ACCRA, Ghana — A cultural revival is sweeping through Ghana as the traditional fugu garment gains unprecedented popularity, transforming from regional attire into a national symbol of heritage pride. This remarkable resurgence originated from an unexpected source: social media criticism directed at President John Dramani Mahama’s choice to wear the distinctive striped smock during an official visit to Zambia in early February.
The online mockery triggered a powerful counter-movement among Ghanaians determined to defend their cultural legacy. The groundswell of support culminated in Tourism Minister Abla Dzifa Gomashie’s official declaration of Wednesdays as “Fugu Day” on February 10, establishing a weekly celebration of national identity through fashion.
Across central Accra, vendors like Clement Azaabire witness the transformation firsthand as he displays meticulously sewn fugu smocks that dance in the breeze. After fifteen years of dedicated craftsmanship, Azaabire now experiences unprecedented demand, with inventory selling rapidly since the cultural movement gained momentum.
The fugu’s historical significance traces back to Ghana’s independence era when first President Kwame Nkrumah wore the garment during the landmark 1957 ceremony. Traditionally handwoven by northern artisans using narrow looms, the fabric (known locally as batakari) represents generations of weaving expertise passed through families. Scholars attribute its development to West African trade routes and cultural exchanges with Mossi and Hausa communities, with the term ‘fugu’ deriving from the Mossi word for cloth.

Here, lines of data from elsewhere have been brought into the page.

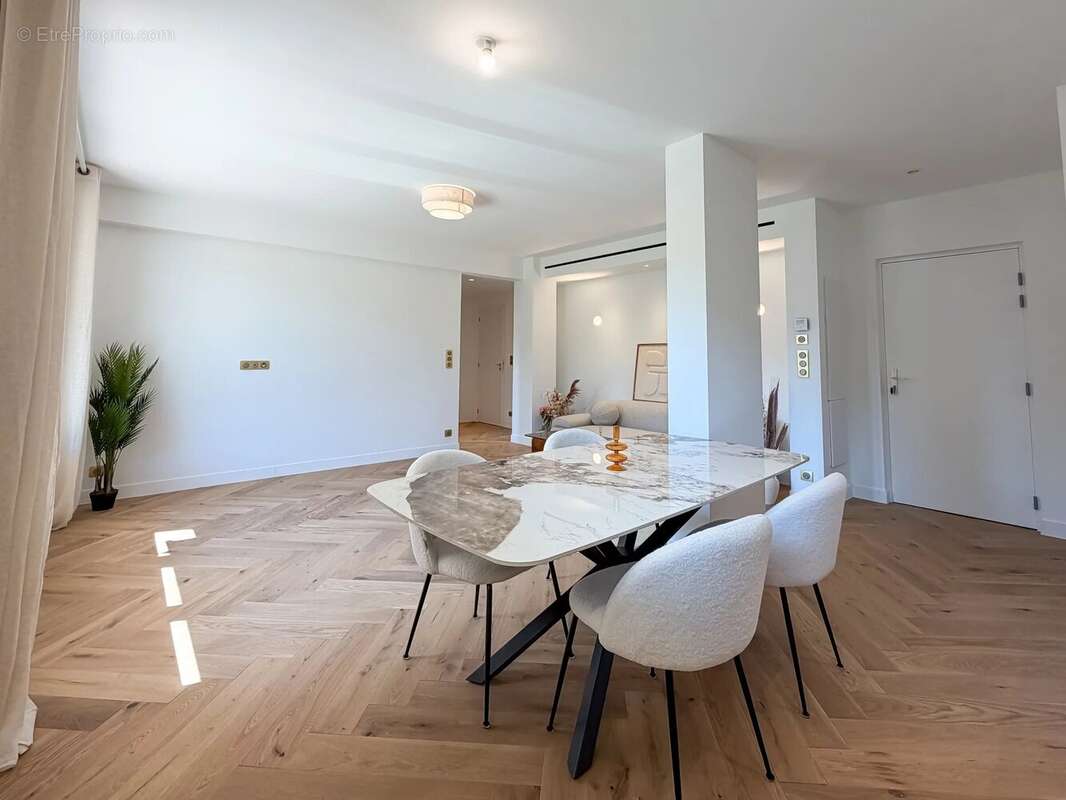 Appartement à BEAULIEU-SUR-MER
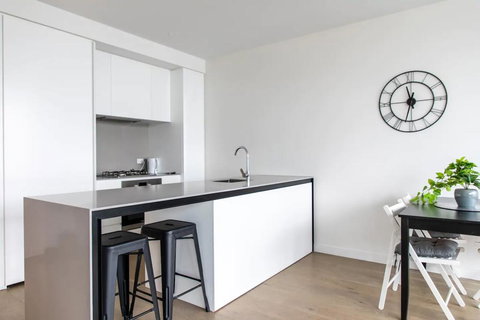 Modern 1 Bedroom Apartment With Rooftop Terrace And Spa - Accommodation Burleigh 3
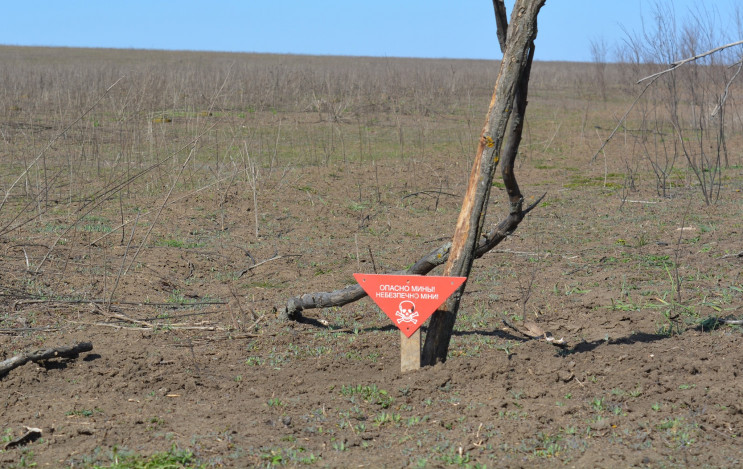 На Луганщині військовий підірвався на ро…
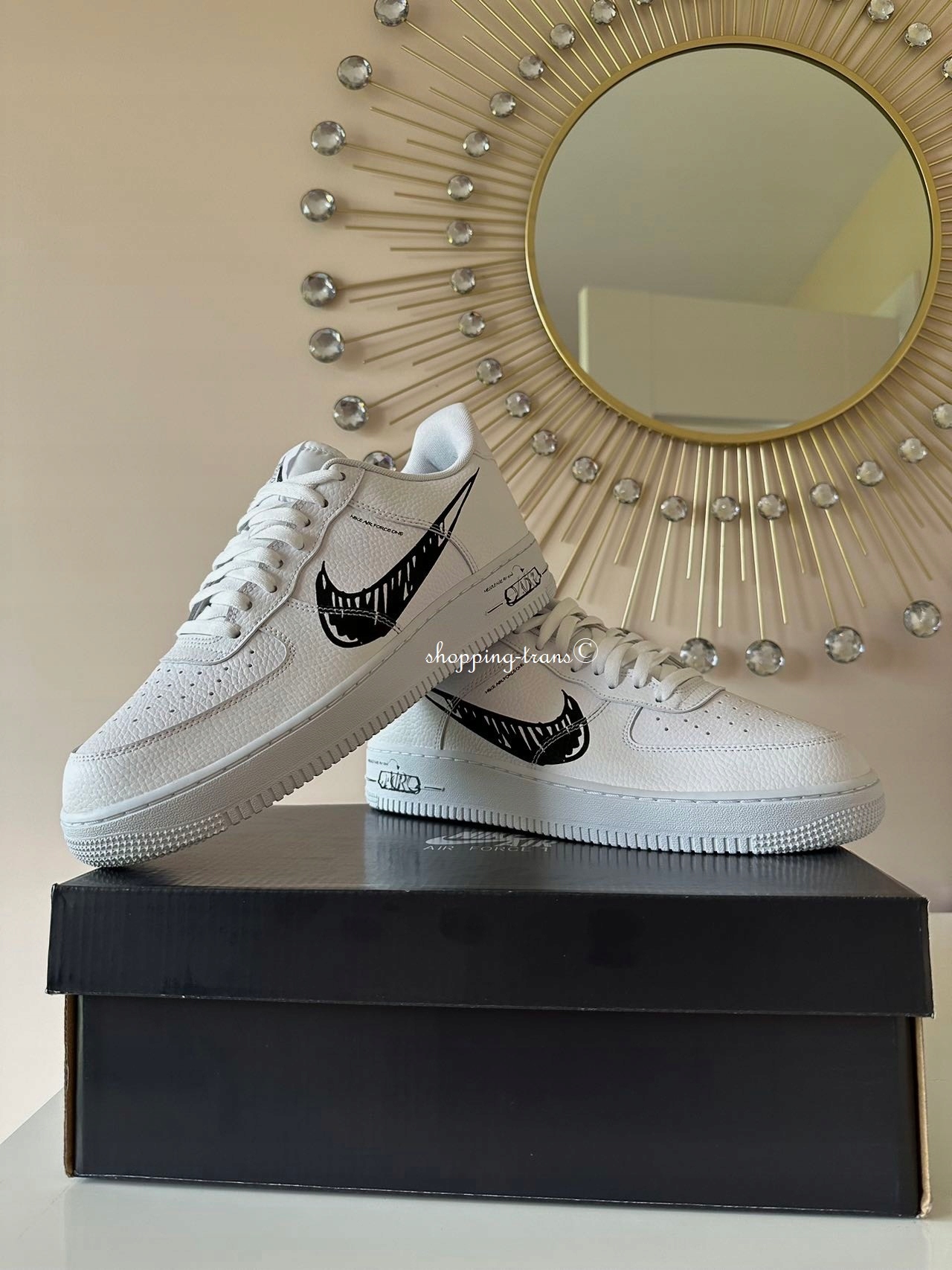 NIKE AIR FORCE 1 LV8 CW7581-101 MĘSKIE 45 Rozmiar 45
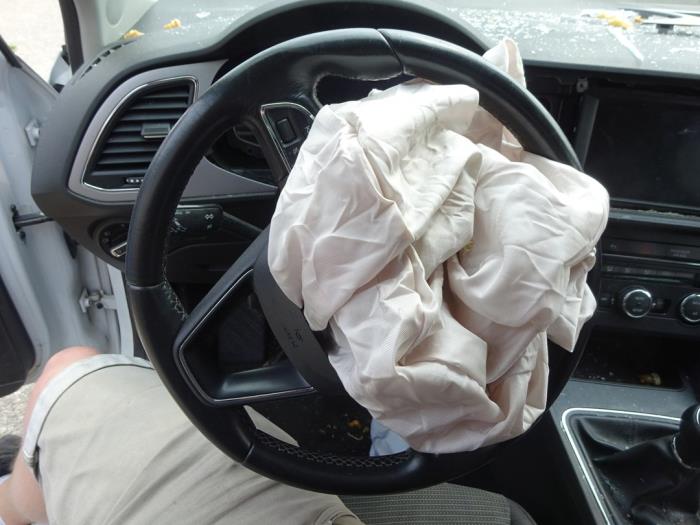 Seat Leon 1.6 TDI 16V Sloopvoertuig (2019, Wit)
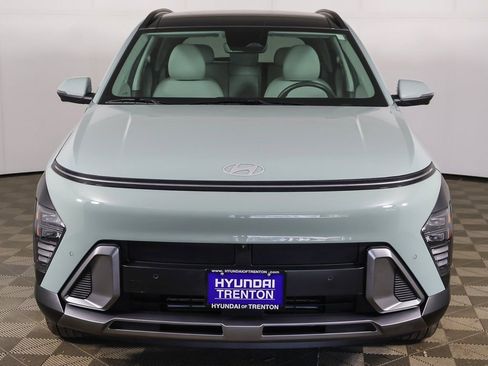 Used 2024 Hyundai Kona Limited image 15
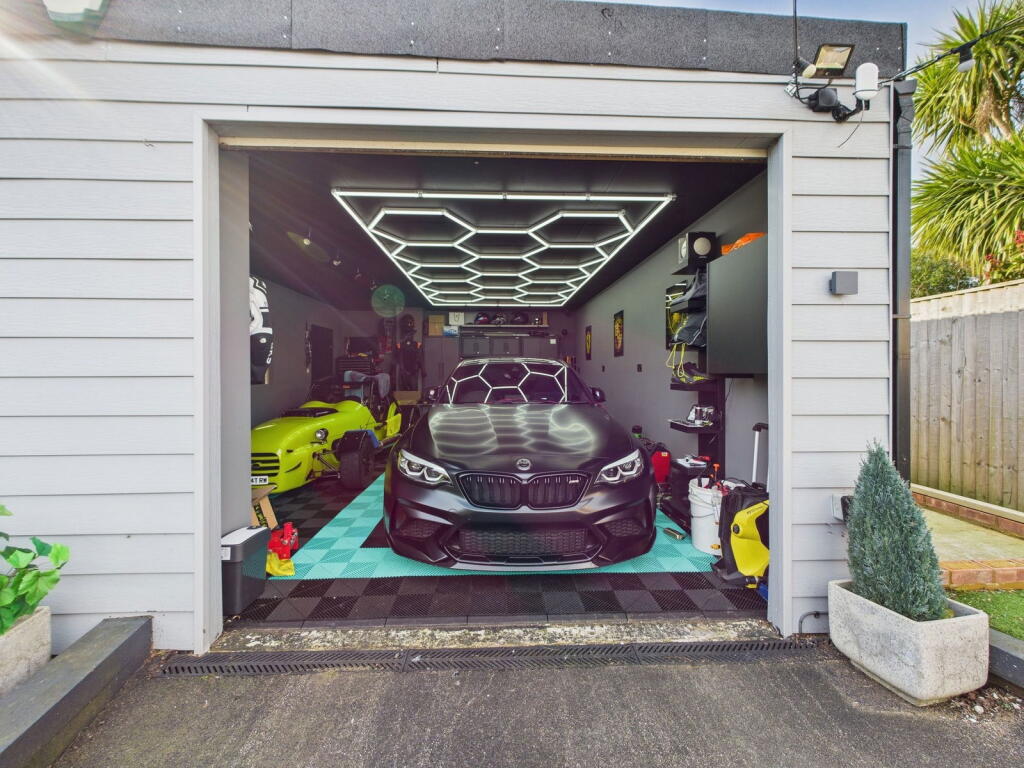 Additional image 40 of Cuckfield Crescent, Salvington, Worthing BN13 2EB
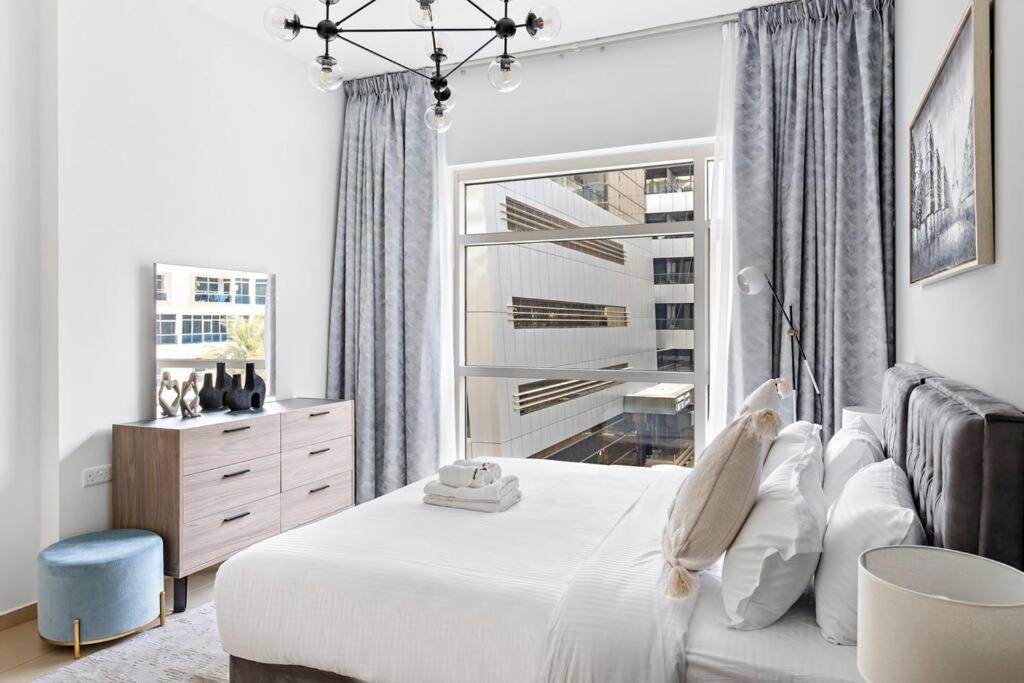 Apartment Stonetree - Cozy 1br Near Metro Station Dubai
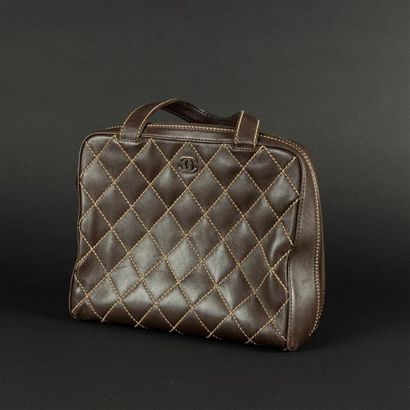 CHANEL. Sac à cabas en cuir lisse marron...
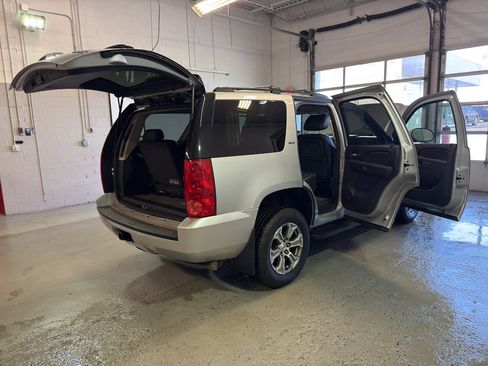 Used 2012 GMC Yukon SLT w/ SLT-2 Equipment Package AWD/4WD image 12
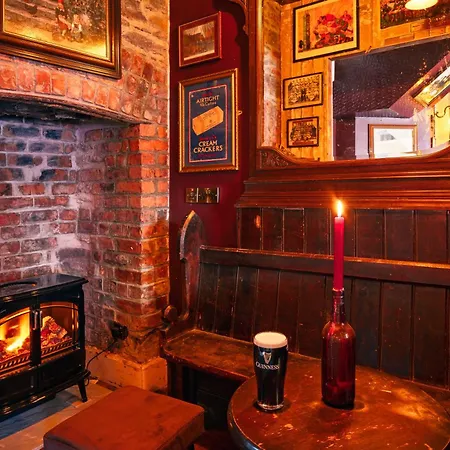 Jb O Sheas Self Catering Pub Nyaraló *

Contemporary fashion designers like Perfectual Linnan of Roots by Linnan are reimagining the traditional fabric for modern audiences, creating jackets, trousers and everyday wear that maintains cultural connections while appealing to broader demographics. “We’re demonstrating how northern fabric can adapt to different styles,” Linnan explains. “Even those who prefer contemporary fashion can carry cultural heritage with them.”
This renaissance presents both opportunities and challenges for the artisan community. Moses Adibasa, who has crafted traditional smocks for nearly two decades, expresses optimism about the economic ripple effect benefiting thread sellers, weavers and tailors alike. However, production limitations threaten to constrain growth. Abigail Naki Gabor, secretary of Ghana’s smock weavers and sellers association, notes that many artisans struggle to meet escalating demand due to manual production methods.
The government is responding with broader initiatives including the “Wear Ghana” campaign promoting local fashion through upcoming trade exhibitions, according to Kofi Atta Kakra Kusi of the Ghana Tourism Authority. Yet Linnan cautions against treating the garment purely as commodity: “This represents careful, intentional craftsmanship. If we prioritize commercialization over cultural preservation, we risk losing something profoundly important.”